O desfecho do que se chamou de "julgamento do século" tem tudo para ser anticlimático. Salvo por um detalhe. Um dos curiosos sentados na platéia sugere novas e futuras emoções: é o jornalista Dominick Dunne, da revista Vanity Fair. Seu primeiro trabalho sobre a morte de Edmond foi exemplo de competência e cautela. Pode-se suspeitar que esteja preparando um livro.

Voz sábia
Três observações de um sábio de Brasília, todas úteis para as cabeças emplumadas da nação petista:
1) Às oito da manhã do dia 2 de janeiro o companheiro Lula tem que abrir a quitanda do Planalto às 8h. Deverá vender pepinos, bananas e rabanetes até as 18h. No dia seguinte, a mesma coisa, por quatro anos. Na quitanda, ele passará 95% de seu tempo vendendo pepinos e rabanetes (ou "matando um leão por dia", como diz FFHH). Se tiver sorte, disporá de 5% do tempo para pensar em mudar o mundo.
2) Antes de abrir a quitanda, banqueiros e empresários acham que o doutor Antônio Palocci Filho é um gênio, porque diz o que eles querem ouvir. No dia 2 de janeiro eles irão à quitanda oferecer pepinos e bananas, interessados em levar rabanetes. Não terão o menor interesse na profundidade do pensamento macroeconômico de Palocci.
3) No dia 2 de janeiro não haverá mais candidatos a ministro. Haverá candidatos preteridos e ressentidos.

Entrevista

Candido Mendes

(74 anos, professor, membro do Conselho Nacional do PSDB, defensor de uma aliança com o PT, chamado de "tucano vermelho".)
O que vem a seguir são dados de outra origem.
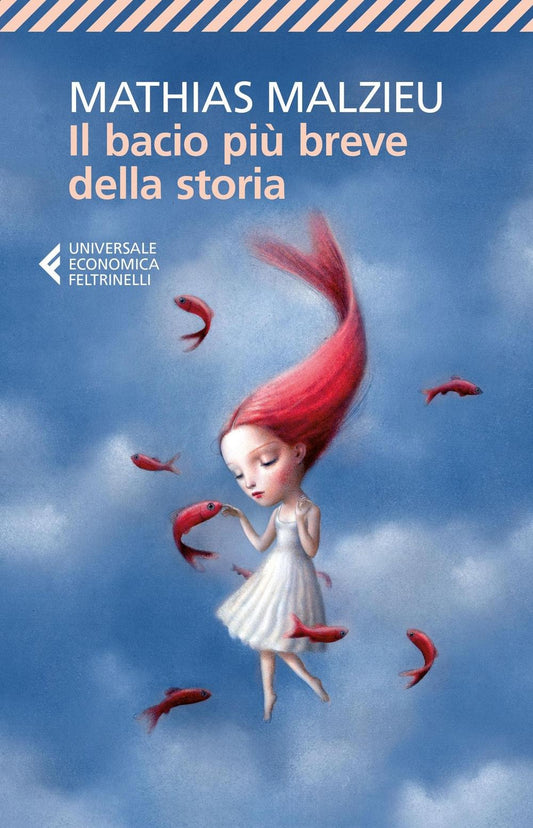 IL BACIO PIU' BREVE DELLA STORIA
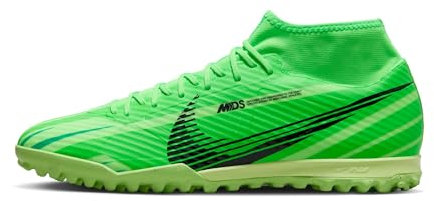 Nike Zoom Superfly 9 Academy MDS Tf, Scarpe da Calcio Uomo, Green Strike Black Stadium Green, 42.5 EU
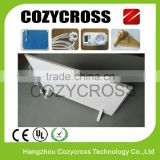 wall mounted carbon crystal infrared heating panel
- Qual o maior risco para o governo Lula?
- O risco internacional. Hoje um governo pode ser considerado esquerdista, como o dele vem sendo considerado, e isso não tem a menor importância. O que não pode é ficar sob a suspeita de populismo. A indústria da instabilidade conseguiu manter essa suspeita de pé. Não tenho visto uma baixa de guarda e você percebe que essas publicações de bancos continuam influenciando a grande imprensa internacional. Menos do que influenciavam, mas o fenômeno persiste. É preciso enfrentar essa adversidade levando em conta que há nela um ingrediente especulativo. Ganha-se dinheiro dizendo que o governo Lula torna instável a economia brasileira. Ganhou-se dinheiro dizendo que o Brasil seria uma segunda Argentina. Hoje você conversa com as pessoas que vendiam aquele medo e elas nem tocam no assunto. Estão vendendo outro.

- O senhor não está se esquecendo de que Lula também precisa mostrar que não é o essa tal coisa chamada de "populista"?
- Nós podemos ter dificuldade para definir populismo, mas infelizmente o rótulo de populista pode ser colocado nas pessoas sem o mesmo grau de racionalidade. Lula vai a Washington para se encontrar com o presidente George W. Bush. Eu duvido que Bush e sua equipe tenham alguma coisa, por menor que seja, contra o projeto Fome Zero. Pelo contrário, não me surpreenderia que o governo americano apoiasse e até mesmo colaborasse com o Fome Zero. Os governantes americanos sabem que quando o dinheiro é bem aplicado, o social é barato. A maior mudança que Lula oferece é a obsessiva qualidade na aplicação dos recursos sociais. Quando o governo petista mostra que suas administrações municipais e estaduais romperam a "societas celeris" existente entre fiscalizados e fiscalizadores na arrecadação de impostos, os americanos captam a mensagem. Não há nada mais americano, mais antipopulista e, diria mesmo, mais republicano, do que levar quem deve a pagar ao Fisco. O governo Bush não tem motivos para puxar a carta da instabilidade do Brasil. Eu acredito que mesmo aqui, as camadas mais ricas vão comprar, sinceramente, o projeto social do governo.

- O senhor apoiou Lula. Como "tucano vermelho", que balanço faz de FFHH?
- Devemos-lhe a consolidação democrática, a estabilidade monetária e até mesmo o bom humor. Ele deixou a marca social do seu governo para o segundo mandato e, com a crise cambial de 1999, foi apanhado na contramão. Seu projeto ficou inacabado. O PSDB fez o governo da alegria do PFL e agora o PT está condenado a fazer o governo da alegria do pensamento social-democrata do PSDB.